**WHAT TO PRODUCE:**
The lines below, from the one containing "Хлопковые детские носки" through the one containing "Langkah 4. Cara", should be set down exactly, with no pictures and nothing else.

**LISTED RECORDS:**

########################################

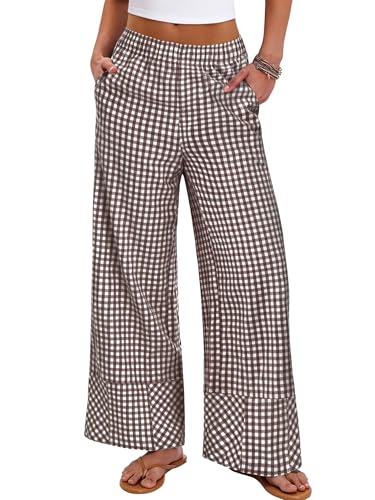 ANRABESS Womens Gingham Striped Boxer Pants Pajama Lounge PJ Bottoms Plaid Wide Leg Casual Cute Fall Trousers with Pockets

########################################

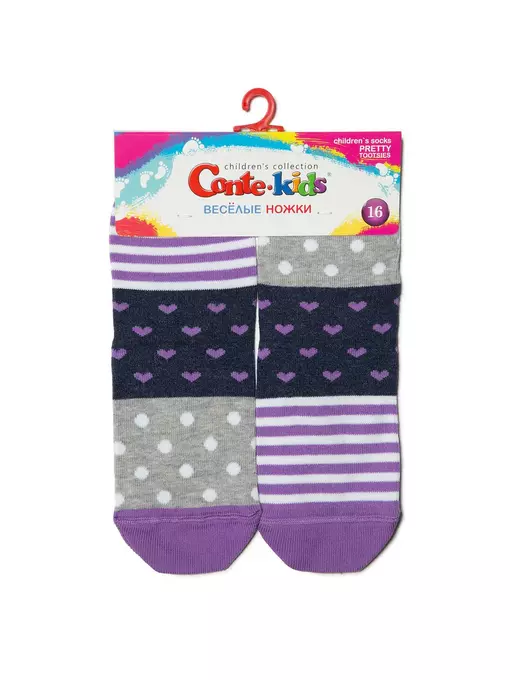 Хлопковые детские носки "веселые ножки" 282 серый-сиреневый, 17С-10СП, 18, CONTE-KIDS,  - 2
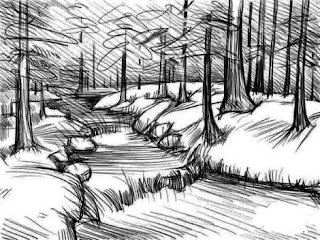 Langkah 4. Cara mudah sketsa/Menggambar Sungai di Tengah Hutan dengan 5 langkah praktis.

########################################

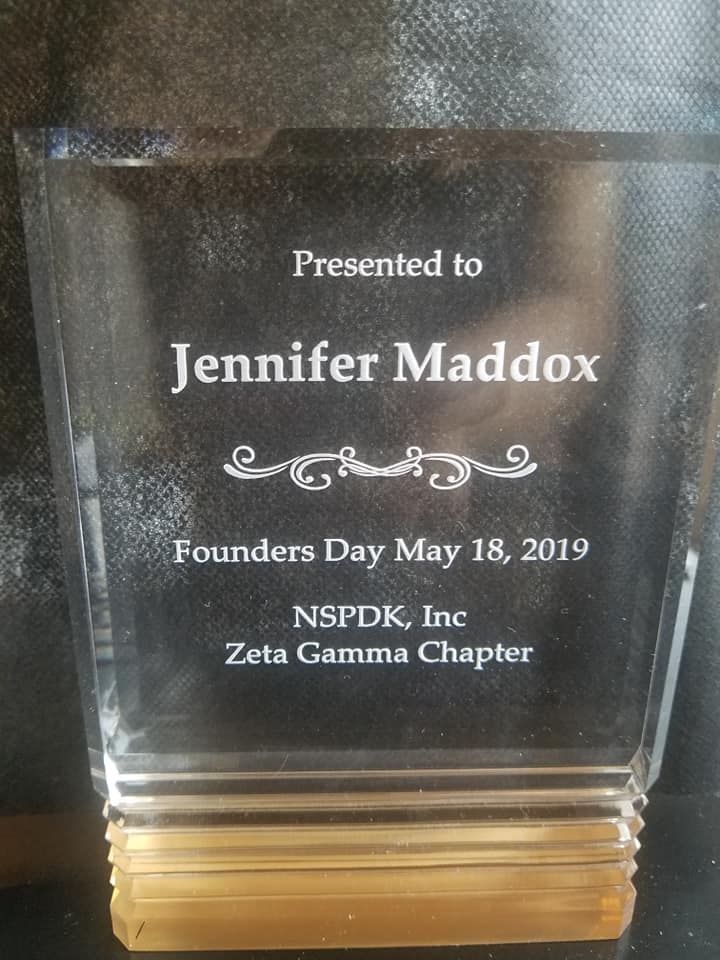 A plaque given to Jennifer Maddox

########################################

**OUTPUT BELOW:**
 Хлопковые детские носки "веселые ножки" 282 серый-сиреневый, 17С-10СП, 18, CONTE-KIDS,  - 2
 Langkah 4. Cara mudah sketsa/Menggambar Sungai di Tengah Hutan dengan 5 langkah praktis.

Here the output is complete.